They are fortunate enough (and big enough) that they have a function working on different reporting requirements only, they report to the COO office, so they are leading CBAM as well, BUT with very heavy involvement from both SCM and FIN heads and teams, especially on the side of governance and data collection (e.g. the reporting team compiles the report and provides insight into what they see, but then SCM & FIN reviews and then has the final internal approval - at least that's the first round of ways-of-working now, let's see how this evolves).
Just additional insight that they created that reporting function as they, as a global company, have a number of reporting requirements from all authorities. They set it up in a good way though: it is grouped around the different reporting areas (e.g. GRI/ESG or even just other local regulatory report types, now they opened the CBAM team 2 people so far who had earlier background from ETS and got now fully trained on the CBAM reqs).
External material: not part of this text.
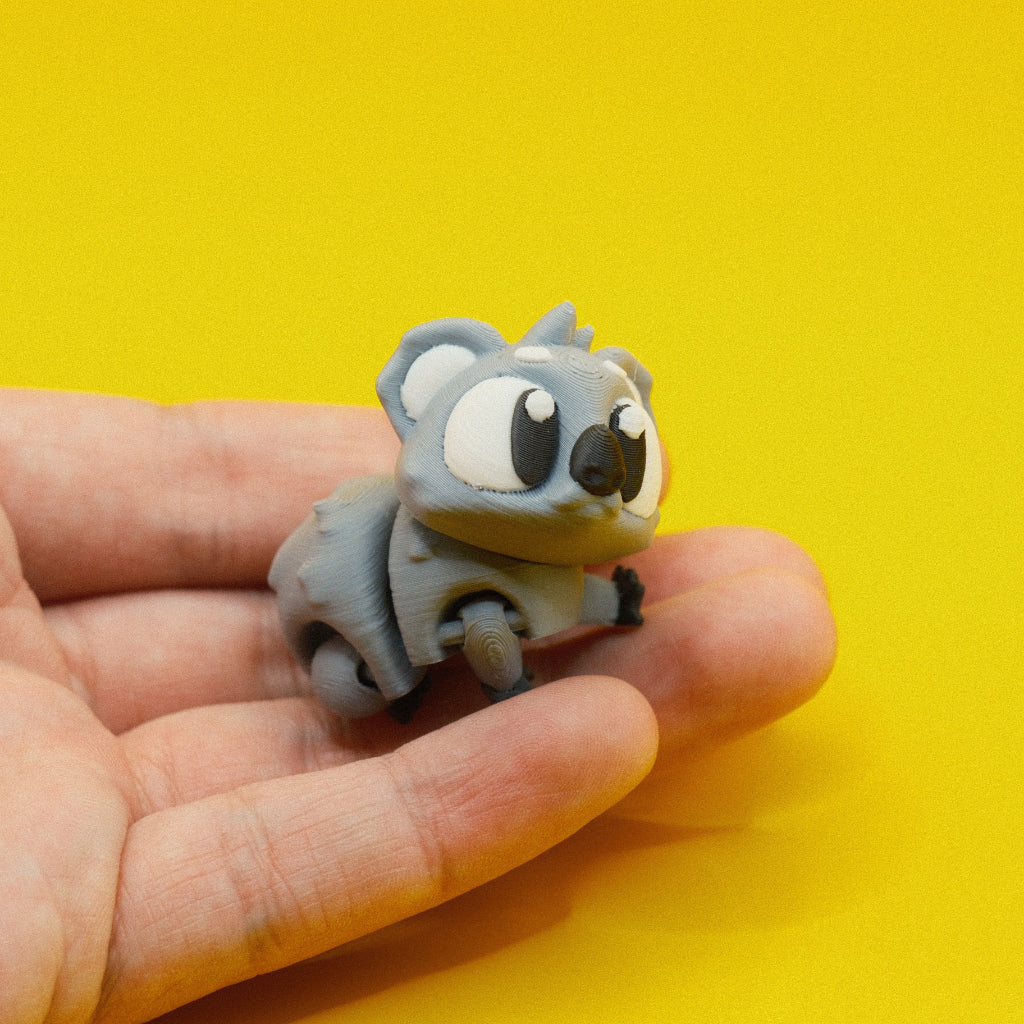 Koala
I was supporting data input processes on SCM side as it impacted many of the processes in place, so that we got covered well as a first attempt. We tried to not add too many additional internal reporting templates, but get as much data as possible into the system-led transactional work & existing templates. Then push these into the final reporting templates of the EU (there are still a lot of manual work involved atm - to be true and fair).
As for the reporting options: new way or based on equivalent national systems or reference values. They opted for setting up the new way, but they are in communication with EU officials and local authorities for those data sets, where they are unable to get more than reference data (this was one of the biggest challenges for them, the other one was managing these with the suppliers who had limited capabilities to do the new requirements).
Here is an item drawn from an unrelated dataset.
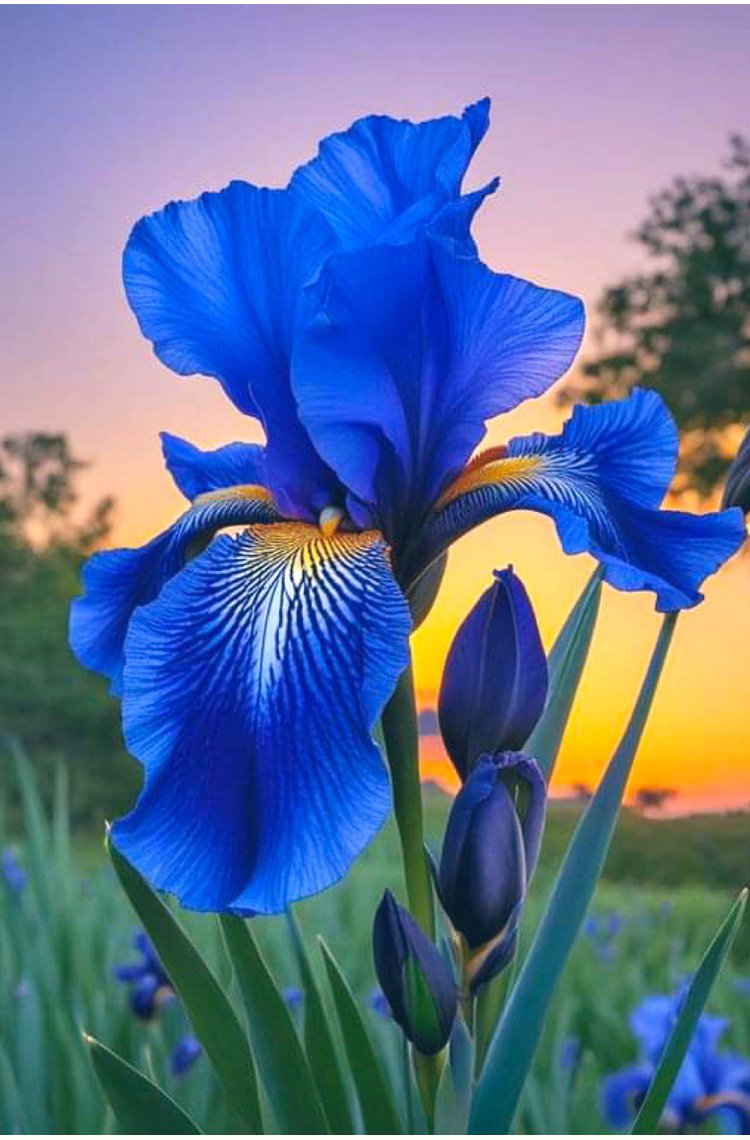 Naturalne nasiona irysa do domowego ogrodu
These are also just the first steps and there were a lot of follow up actions identified on how to optimise the reporting process itself, the transition from data that aren't fully reliable, the overall emissions and costs related to these - so that will be a lot to work on for all functional teams from now.
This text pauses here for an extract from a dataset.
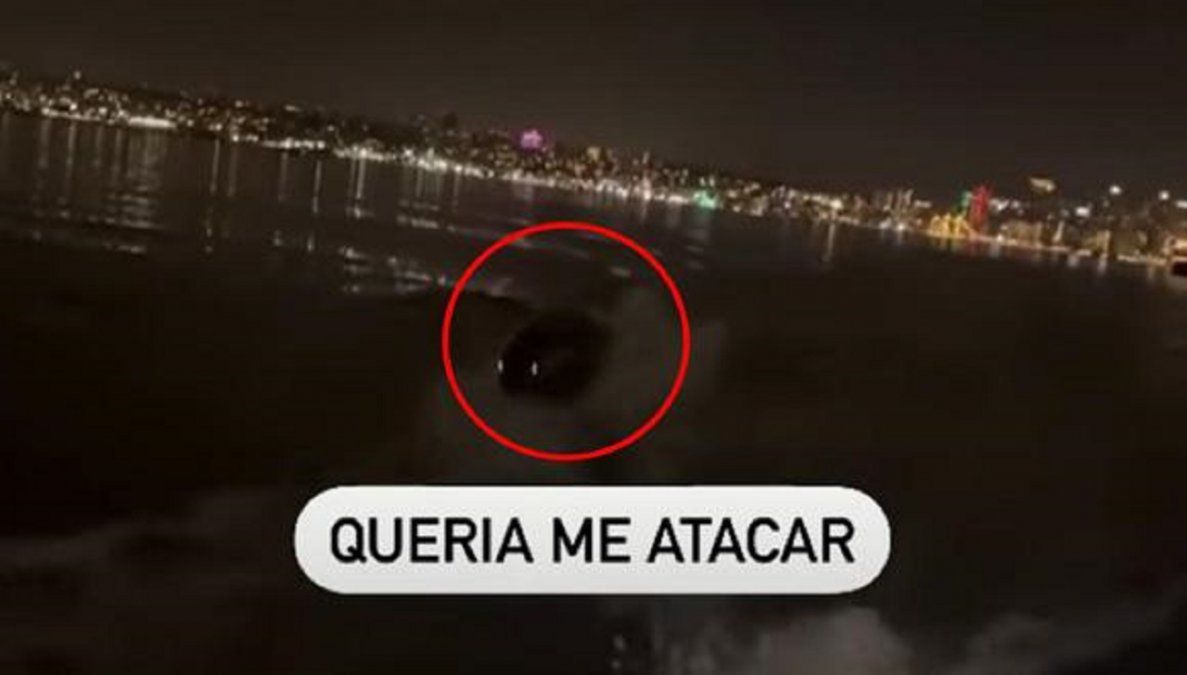 En Brasil un hombre escapó aterrado de una extraña criatura marina.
Before I forget, legal/regulatory functions are supporting the work of course, but they aren't leading in this case and they aren't the ones doing the bulk of the work either.
Setting this reporting up is no different from setting up any other regulatory or other reporting requirements earlier.
If the existing data sets are messy or non-existent, then it is a real hurdle, as the main task will become not the reporting itself, but the actual data generation and cleaning (which is a pre-requisite).
I hope this helps. I don't say this is a foolproof way or the best way and just one company, but they had to go with it as they also wanted to know as early as possible what will hit them from 2026 and have the opportunity to iron issues out still in the transition phase, where there is no big monetary impact yet.
On another note: if a company doesn't have resources, they can set this up with external parties but they remain financially and legally liable for the process. That is also a good solution.
Disclaimer: I'm not a specialised CBAM expert, so I'd advise you to get direct info from the EUs tax/customs advisors.